Несмотря на чрезвычайно заниженную оплату труда в колхозном секторе, крестьянство Украины приобретало товаров в государственных и кооперативных магазинах на сумму в 5—б раз большую, нежели получало в колхозах. Если бы в 1933 году колхозник питался только заработанными в колхозе продуктами, то его рацион составлял бы: хлеба и круп — 600 г, подсолнечного масла — 3 г, картофеля — 170 г, огородных культур — 2 г в сутки. Но на фоне постоянного дефицита продовольствия в городах неиссякаемым источником пополнения крестьянского бюджета и насыщения городских рынков продуктами стали приусадебные участки. Так, в Харькове к концу 30-х годов жители покупали на колхозных рынках 62,1 % потребляемой свинины, 76,3 % — мяса птицы, 89,2 % — куриных яиц, 59,1 % молока. В таких городах, как Днепропетровск, Днепродзержинск, Запорожье, Луганск, эти показатели были еще выше. В заселенных украинцами районах Кубани городские жители приобретали на рынках 92,6 % мяса, 78 % молока, 98,2 % картофеля, 96,5 % яиц, Иной была картина в Ленинграде: здесь рынки снабжали жителей мясом только на 16 %, молоком — на 13 %, картофелем — наг 14,4 %, яйцами — на 3,4 процента.

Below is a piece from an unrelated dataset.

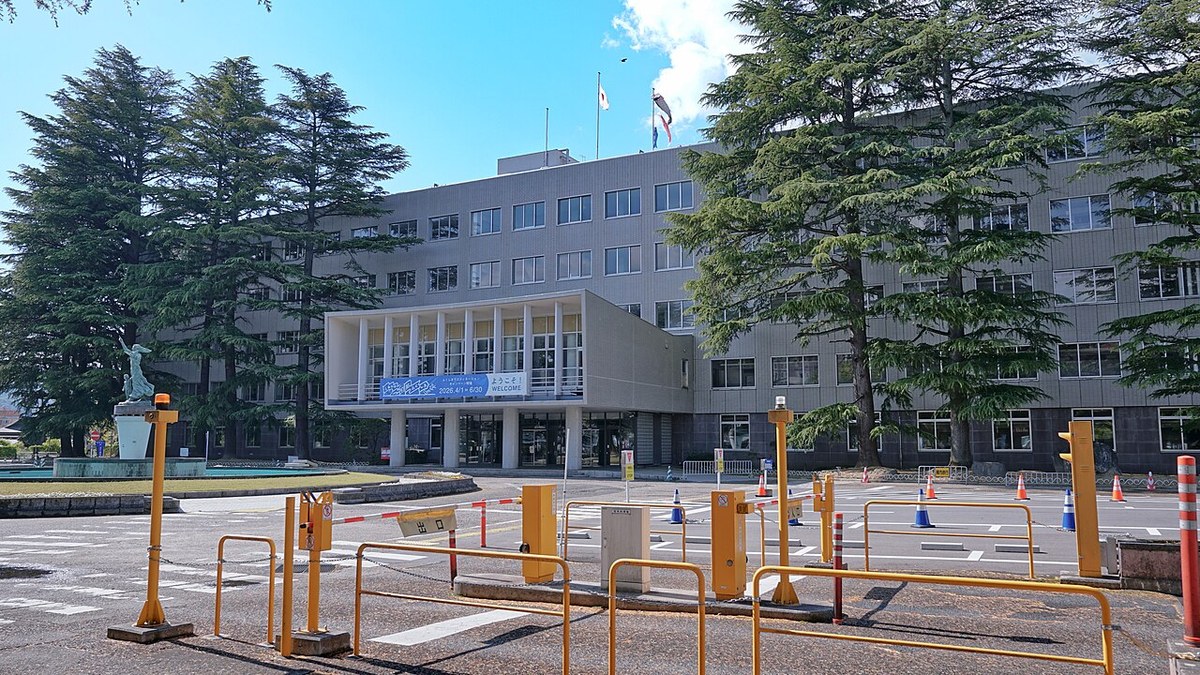 福島市にある福島県庁の本庁舎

Несмотря ни на что, рынок, материальная заинтересованность побеждали своей производительностью созданную насильственными методами колхозно-совхозную систему.

Форсированная индустриализация. Массовый террор 30-х годов

С начала 1928 года в управлении индустрией СССР стала преобладать формула не планов-прогнозов, а планов-директив. В апреле 1929 года XVI конференция ВКП(б) одобрила «оптимальный» вариант плана I пятилетки со среднегодовым темпом роста 22 процента. На практике же в ежегодные контрольные цифры развития народного хозяйства вносились все новые коррективы в сторону повышения темпов — руководство партии таким образом «подхлестывало» страну. Была поставлена задача провести форсированную модернизацию экономики, в кратчайшие сроки преодолеть разрыв между СССР и передовыми странами по уровню промышленности.